One of the most salient features of human society is its tendency to organize, to develop specialized roles and relations. Based on historical examples, students of society have proposed various theoretical explanations for how such structures arise and debated the consequences of alternative structures. But ethical and practical issues make it difficult to test these theories by conducting experiments on actual groups of people. This talk will outline main principles of self-organization, starting with the original insights developed in statistical mechanics, and including biological and ecological models as well as human society, as a guide to framing testable theories about social self-organization. It will then give examples, based on our own work and that of others, of how multi-agent simulation can be used to test these theories, and discuss methodological issues concerning the development, application, and validation of such models.
Wagner Meira Jr.
Full Professor, Universidade Federal de Minas Gerais, Belo Horizonte, Brazil
INWeb - National Institute of Science and Technology for the Web
Wagner Meira Jr. obtained his PhD from the University of Rochester in 1997 and is Full Professor at the Computer Science Department at Universidade Federal de Minas Gerais, Brazil.

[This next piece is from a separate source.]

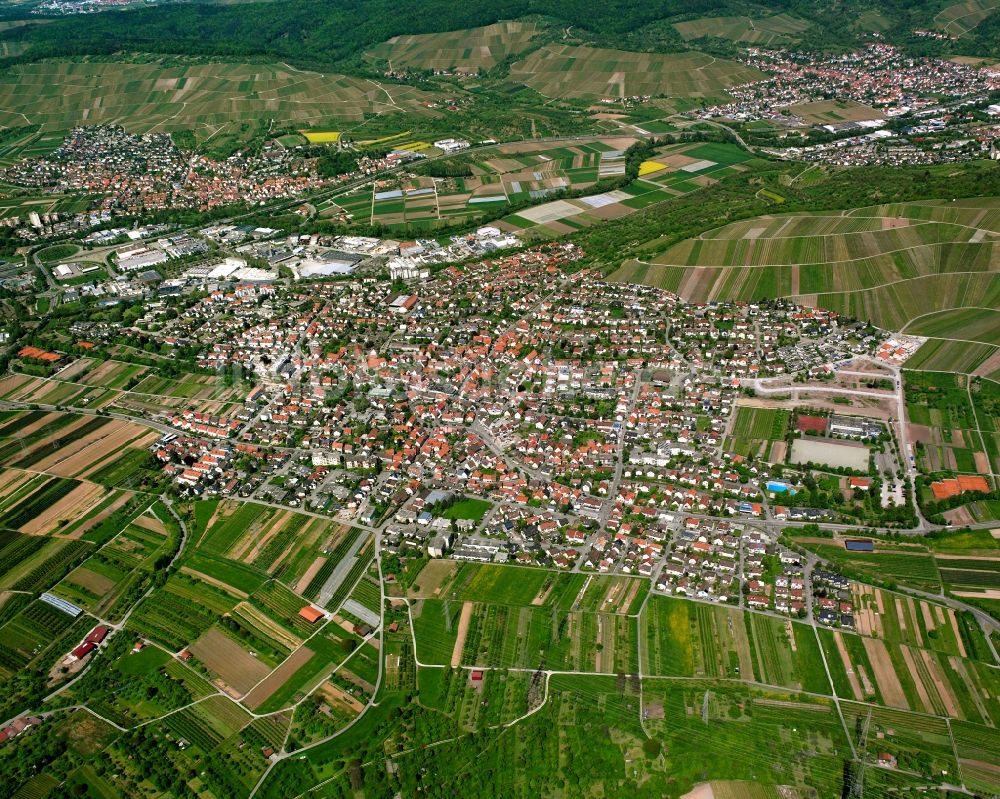 Luftaufnahme Beutelsbach - Stadtansicht vom Innenstadtbereich in Beutelsbach im Bundesland Baden-Württemberg, Deutschland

He has published more than 200 papers in top venues and is co-author of the book Data Mining and Analysis - Fundamental Concepts and Algorithms published by Cambridge University Press in 2014. His research focuses on scalability and efficiency of large scale parallel and distributed systems, from massively parallel to Internet-based platforms, and on data mining algorithms, their parallelization, and application to areas such as information retrieval, bioinformatics, and e-governance.
Title: Mining the dynamics of online social networks for real-event prediction
The internet has been evolving from a communication media to an environment where users talk about the most diverse topics, reflecting the dynamics of the society at broad. Characterizing, understanding and modeling how the internet data may be used for assessing real events becomes a key component of many Internet-based applications and demands the development of new data mining models and techniques. Data mining in such scenarios is challenging because the data is intrinsically uncertain and multi-scale, the patterns to be mined are complex and evolve through time, and there is a huge amount of information that need to be processed in real time. In this talk we present a framework for the research and development of data mining models, algorithms and systems that target these challenging scenarios. We also present the Web Observatory, a platform for collecting, analyzing and presenting, at real time, information mined from social networks and the web, as well as some of its instances that focused on sports, politics, and health.